Because this code checks against currently installed packages, it's prone to false positives:

• It will pass if the library happens to be installed in the package test Docker image, e.g., because it's a dependency of Ruby or some other runtime dependency we preinstall.
• It will pass if the library is pulled in as a transitive dependency of Depends, but this can lead to other installation paths that fail-see #21774 for an example.

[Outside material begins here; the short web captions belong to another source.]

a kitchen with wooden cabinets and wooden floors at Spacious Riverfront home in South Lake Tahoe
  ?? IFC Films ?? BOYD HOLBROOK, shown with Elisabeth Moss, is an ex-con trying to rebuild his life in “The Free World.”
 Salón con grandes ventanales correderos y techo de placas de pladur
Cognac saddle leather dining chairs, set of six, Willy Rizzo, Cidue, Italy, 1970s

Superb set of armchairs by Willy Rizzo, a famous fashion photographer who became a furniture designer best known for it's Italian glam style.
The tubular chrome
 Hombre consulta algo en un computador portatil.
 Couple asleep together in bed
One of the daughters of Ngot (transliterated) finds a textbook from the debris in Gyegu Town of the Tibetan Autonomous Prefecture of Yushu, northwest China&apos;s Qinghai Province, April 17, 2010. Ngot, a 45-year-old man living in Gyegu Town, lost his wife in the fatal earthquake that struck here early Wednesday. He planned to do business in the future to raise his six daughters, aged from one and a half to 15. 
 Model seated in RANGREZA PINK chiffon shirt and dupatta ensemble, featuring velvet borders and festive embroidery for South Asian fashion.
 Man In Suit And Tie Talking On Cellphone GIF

Write a more correct test:

• Get the list of .so files from the package, and find their dependencies with ldd (basically the same as now).
• Exclude libraries that packages are allowed to assume are installed under packaging policy (at least libc, maybe others).
• Get a list of all files that are installed by packages that the tested package Depends on.
• If any dependency libraries are not found in the list of installed files, report it and fail.

It probably makes sense to write this in a language with better data structures than shell.

This is expected to fail with our current package dependencies. Refine our current dependencies as needed so it's passing.

Remove the near-duplicate tests in deb-common-test-packages.sh and rpm-common-test-packages.sh, which basically just add debug information to the existing test. The new test should be rich enough that that's no longer necessary.